An Interview with Georges Kern, IWC’s CEO
For the better part of the 1980s and 1990s, IWC was the benchmark in terms of top-notch movement engineering, being the first manufacture to machine cases in titanium and ceramic, and also to present true qualitative solutions in a new era of luxury watchmaking such as the Pellaton Winding mechanism. Probably Switzerland’s best kept secret […]

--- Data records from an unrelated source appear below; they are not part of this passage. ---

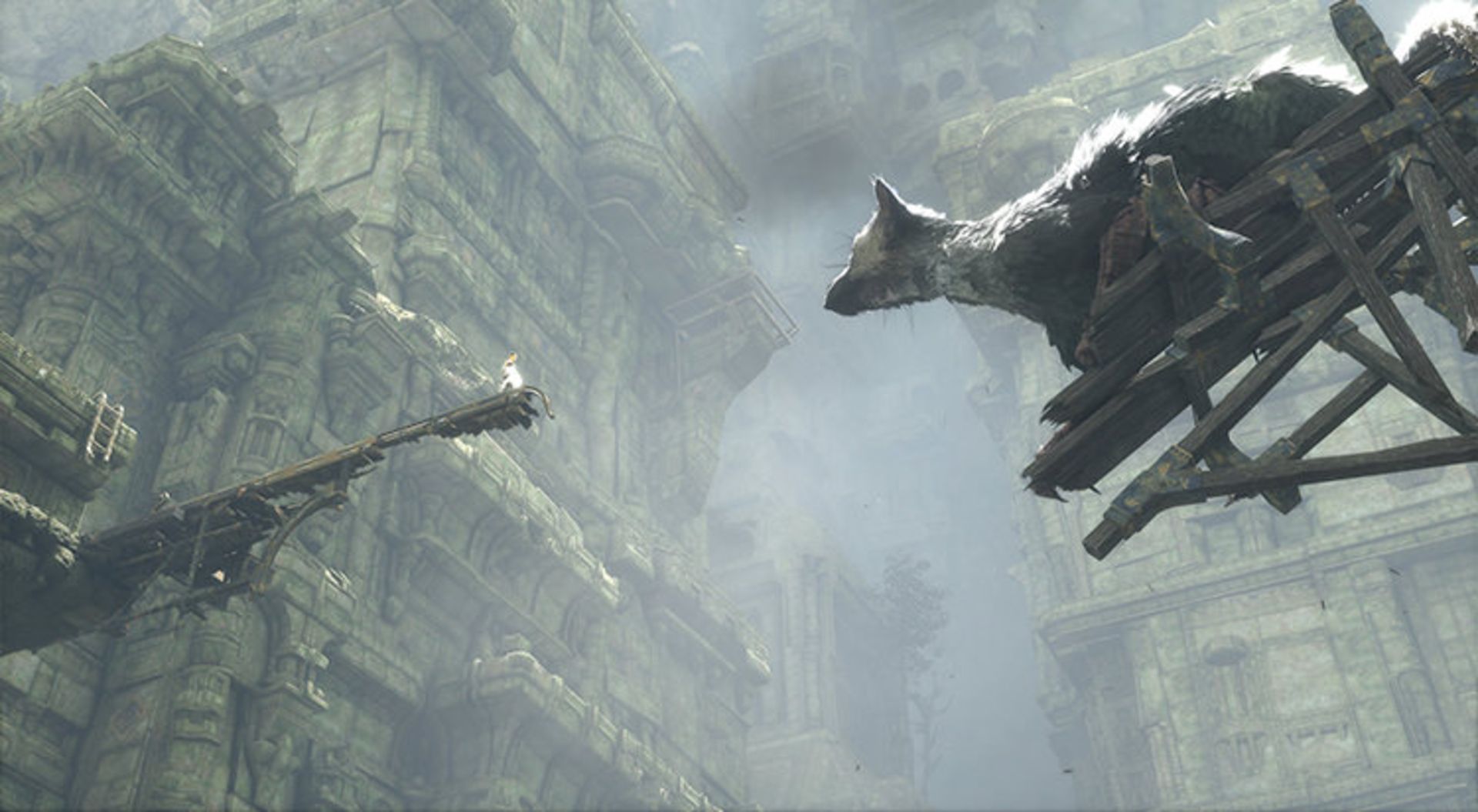 the last guardian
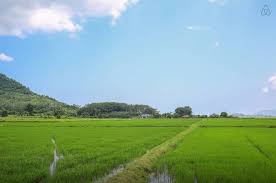 Bikin rindu kampung asri dan indah di jawa barat dengan pemandangan sawah. 8 Resort Tepi Sawah Padi Di Langkawi Kedah Buat Saya Jatuh Cinta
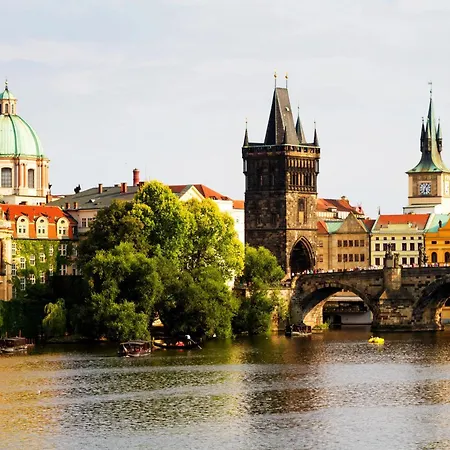 Cute D2 7 * Praga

For the better part of the 1980s and 1990s, IWC was the benchmark in terms of top-notch movement engineering, being the first manufacture to machine cases in titanium and ceramic, and also to present true qualitative solutions in a new era of luxury watchmaking such as the Pellaton Winding mechanism. Probably Switzerland’s best kept secret at the time, the real essence of the Schaffhausen manufacture was known to and revered by few except the watch collecting cognoscenti. Today, though, anyone who has a vague interest in luxury mechanical watches would have heard of those three letters, often enunciated with an unmistakeable technical ring. These days, nobody calls it the International Watch Company anymore, but that doesn’t really matter, because the acronym sounds so much cooler.
Unlike a lot of luxury watch brands today, IWC isn’t defined by or famous for a single product or product family. From the Portuguese and Portofino, to the Aquatimer and Ingenieur, and also the Pilot’s Watches and Da Vinci, each collection stands in its own stead.
This has been the product development strategy implemented by its CEO, Georges Kern, since the day he took office. And that was 12 years ago in 2002. Then, Kern at 36 years, was the youngest CEO in the entire Richemont Group, which owns IWC and several other luxury watch brands. It was a watershed year for the manufacture, naturally, but Kern’s results speak for themselves. Where before, IWC was an extremely niche brand virtually unknown to the wider audience, it is today globally recognised as a luxury powerhouse with an exciting image backed by hundreds of years of watchmaking technical expertise.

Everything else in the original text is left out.